Joshua Nascimento

Personal information
- Full name: Joshua Seixas Arantes do Nascimento
- Date of birth: 28 September 1996 (age 29)
- Place of birth: São Paulo, Brazil
- Height: 1.73 m (5 ft 8 in)
- Position: Forward

Team information
- Current team: FC Dallas (Academy Head of Performance)

Youth career
- 2011–2013: Florida Rush
- 2013–2015: Santos

College career
- Years: Team / Apps / (Gls)
- 2015–2018: Tampa Spartans / 1 / (0)

= Joshua Nascimento =

Brazilian footballer (born 1996)

Joshua Seixas Arantes do Nascimento (born 28 September 1996) is a Brazilian professional football coach and former player who played as a forward. He is Academy Head of Performance at Major League Soccer club FC Dallas.

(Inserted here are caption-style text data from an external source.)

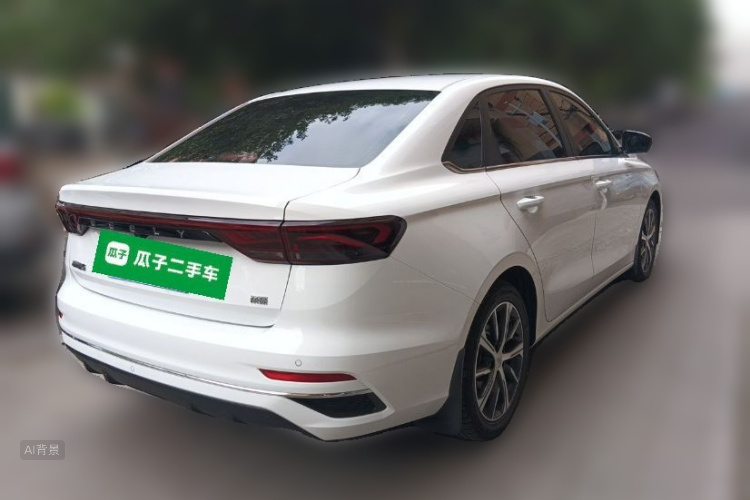 GEELY Emgrand 2023 car image #7
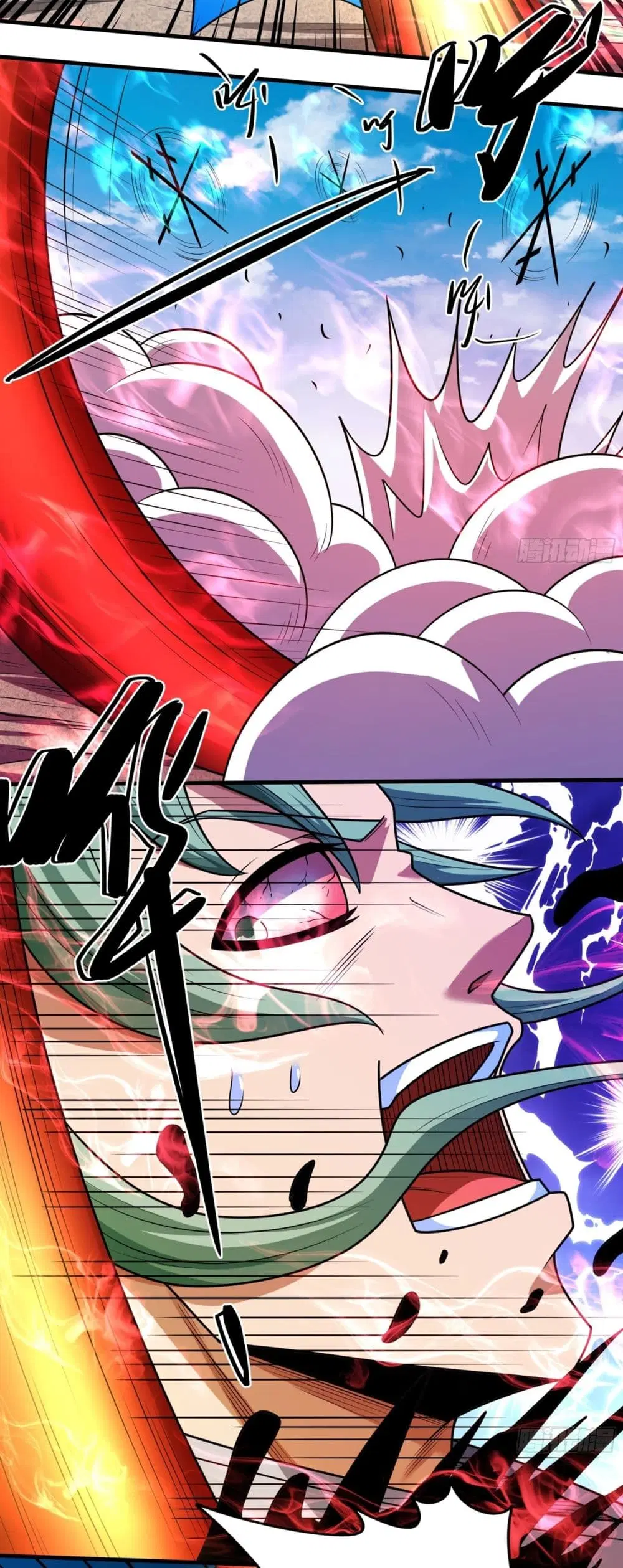 God of Martial Arts ตอนที่ 803 หน้า 9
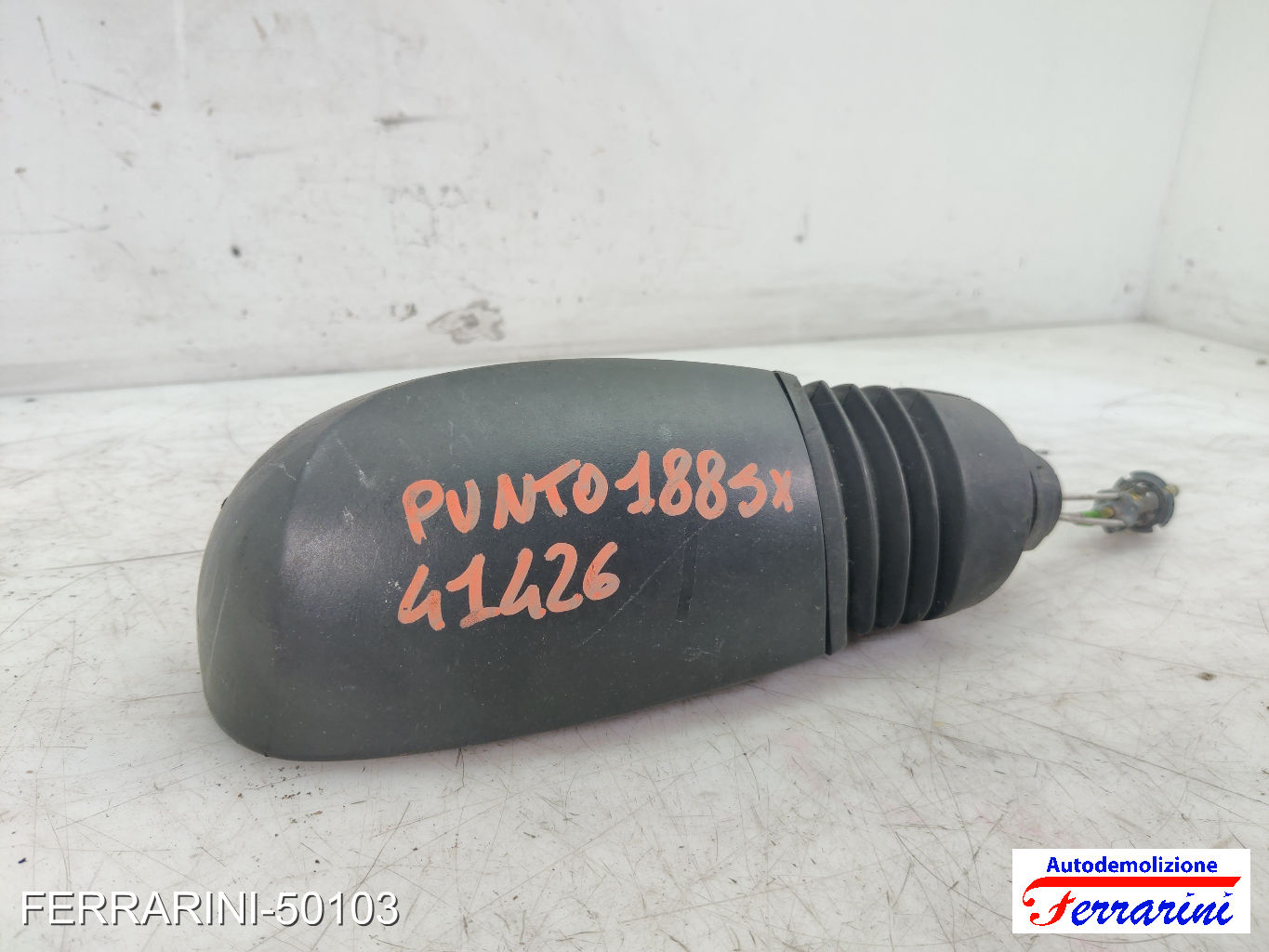 Specchietto Laterale FIAT PUNTO 188 1999-2012 sinistro, sx 8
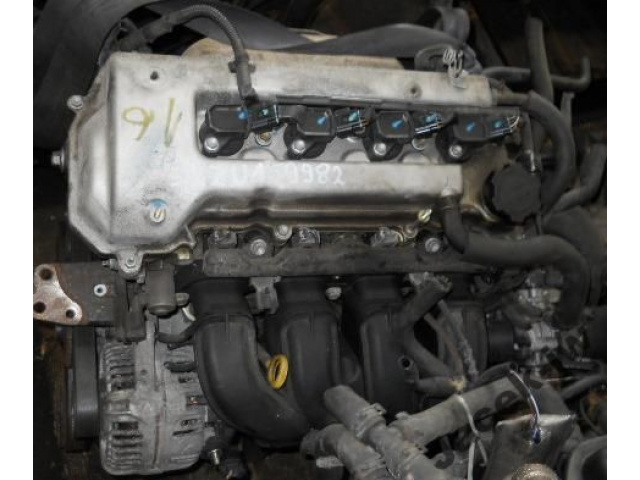 Двигатель Toyota Avensis 1, 6 WTi 3ZZ U15 03г. в сборе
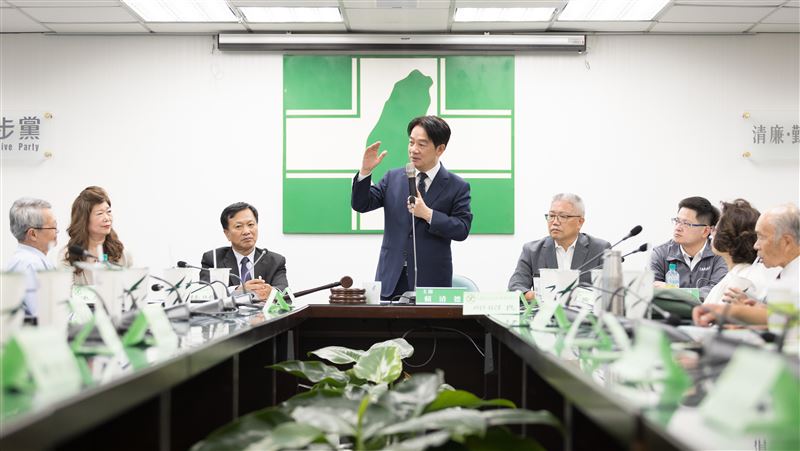 引「赤壁」談中國威脅　賴：投降歷史改寫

==Early and personal life==
Nascimento was born to Brazilian gospel singer Assíria Seixas Lemos and Brazilian football legend Pelé. He has a twin sister named Celeste.

On 16 September 2023, he married businesswoman Bárbara Meireles. A year later, in September 2024, the pair announced they were expecting a daughter, Cecília.

==Playing career==
===Early career===
At the age of ten, he trained with Santos, the club where his father made his name, for the first time. He moved to the United States at the age of twelve, and joined the academy side Florida Rush three years later.

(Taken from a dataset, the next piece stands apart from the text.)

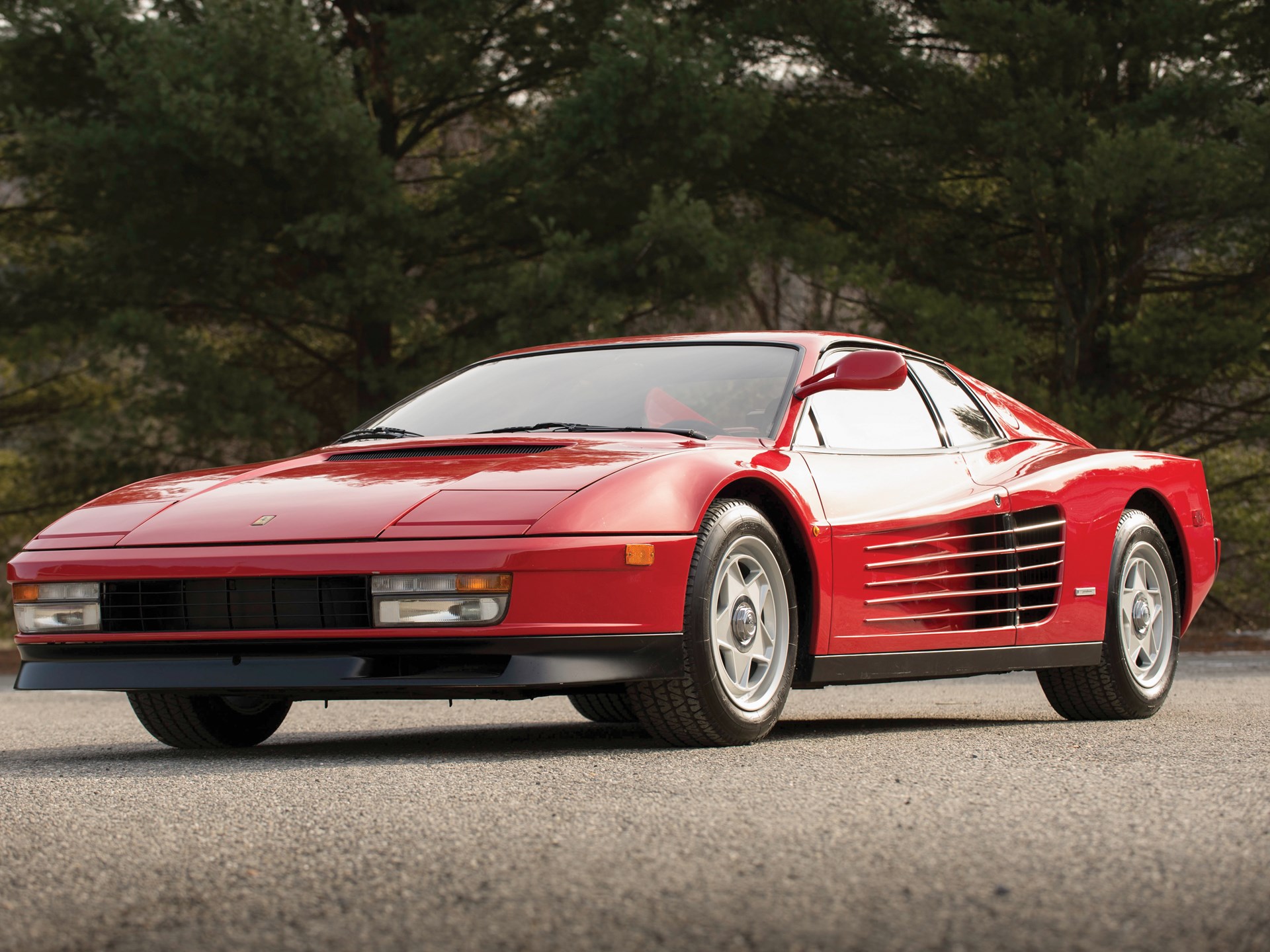 86 ferrari testarossa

He returned to Brazil in 2013, joining Santos on a permanent deal. While at Santos, he refused to wear his father's famous number 10 shirt, and attempted to ignore comparisons between himself and his father, stating "he was him and I am me." He made his debut for the Santos under-20 side in October 2014.

===Collegiate soccer===
Having suffered numerous injuries while at Santos, Nascimento returned to the United States to enroll at the University of Tampa in 2015. However, his time in Tampa was also marred by injury, and he was redshirted in his first season with the university's soccer team, the Tampa Spartans. He made one appearance in 2016, but this would be his only playing time until his graduation in 2018.

==Coaching career==
Having been raised mostly in the United States, he decided to remain there following his decision not to pursue a career in professional football, and he was named as a representative for Santos in North America in 2020. He joined the SIMA Pre-Academy, a soccer academy for children, in 2021. He has also worked as a fitness instructor and soccer coach in soccer academies across Orlando, as well as completing an internship in the Santos academy physiology department.

Having graduated university with a Bachelor of Science in human performance and exercise physiology, Nascimento had an internship with Belgian football team Royale Union Saint-Gilloise in March 2022, in the hope of working as a physical trainer.

He worked as a physical trainer at the Soccer Institute of the Montverde Academy, before joining Major League Soccer club FC Dallas as the Head of Performance for their academy.